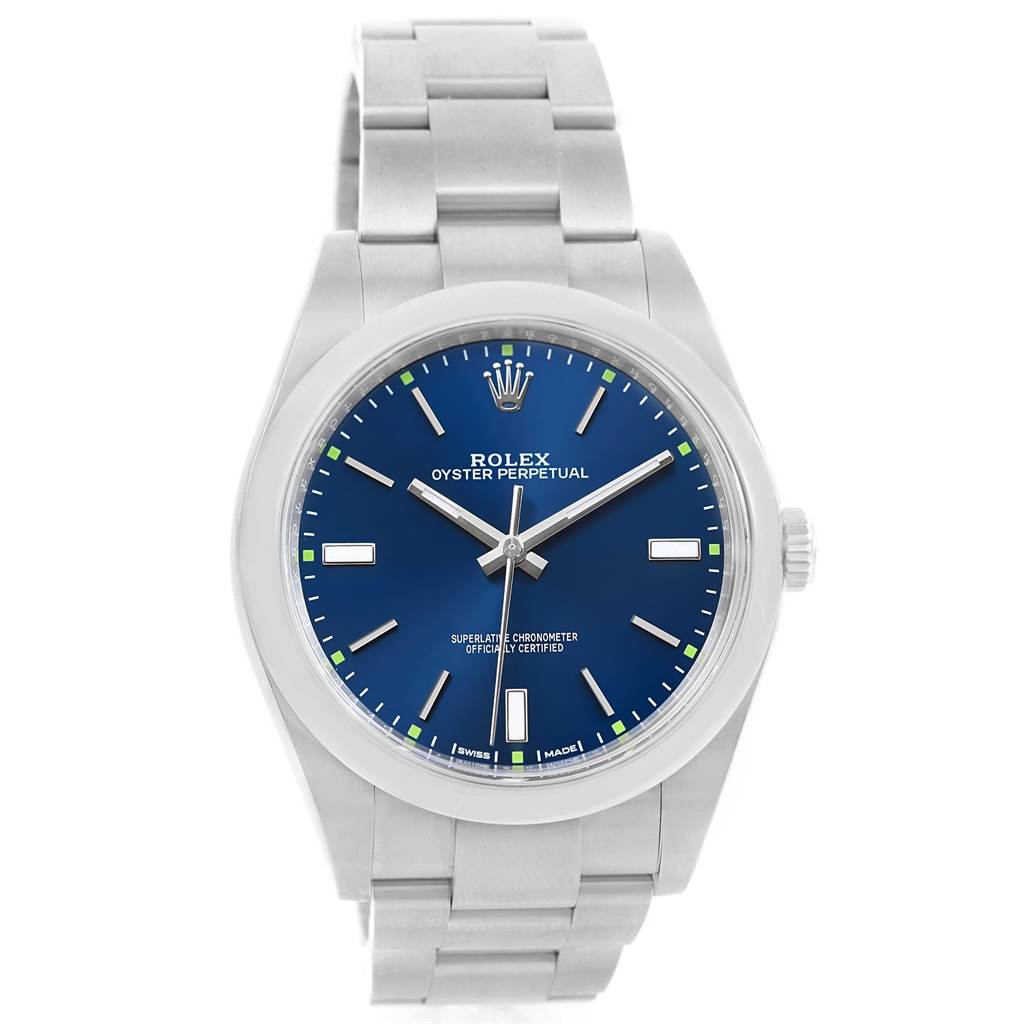 The image shows a frontal view of a Rolex Oyster Perpetual 114300 Men
s Stainless Steel Blue Dial 114300 Men
s Stainless Steel Blue Dial watch with a blue dial and stainless steel bracelet.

——

Retype word for word the lines running from the line containing "s Stainless Steel Blue Dial 114300 Men" to the end of the listing, and only those.

Answer box »
s Stainless Steel Blue Dial 114300 Men
s Stainless Steel Blue Dial watch with a blue dial and stainless steel bracelet.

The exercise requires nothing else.